The required output is the lines below from the line containing "Proplus Reflector Set" to the line containing "Pierce County Master", inclusive, retyped exactly. No other lines belong in it.

• _Exercise data_
================
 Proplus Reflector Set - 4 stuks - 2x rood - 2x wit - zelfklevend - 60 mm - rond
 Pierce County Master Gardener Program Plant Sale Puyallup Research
================
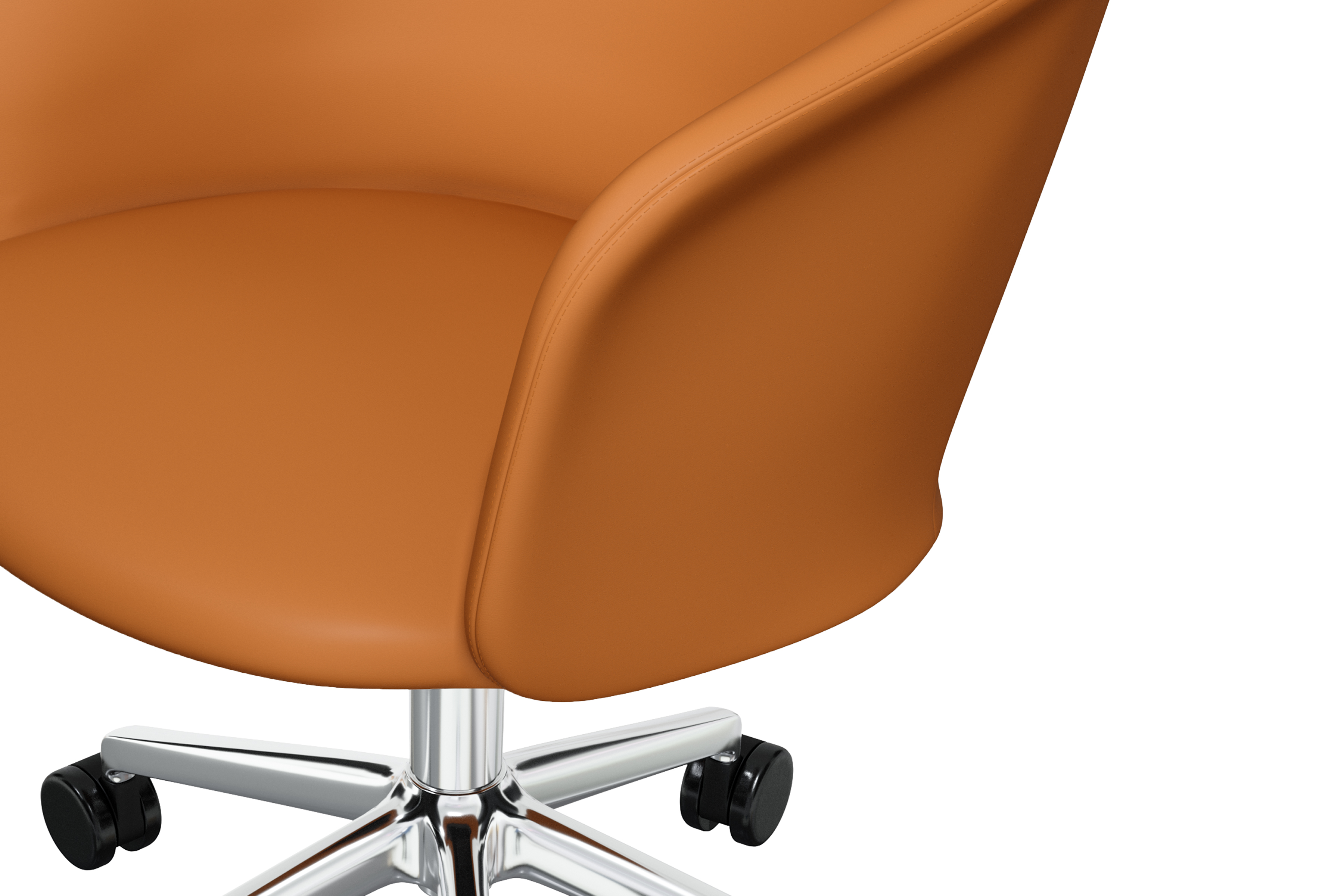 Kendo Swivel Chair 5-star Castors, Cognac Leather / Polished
================
• _Answer to this exercise_
 Proplus Reflector Set - 4 stuks - 2x rood - 2x wit - zelfklevend - 60 mm - rond
 Pierce County Master Gardener Program Plant Sale Puyallup Research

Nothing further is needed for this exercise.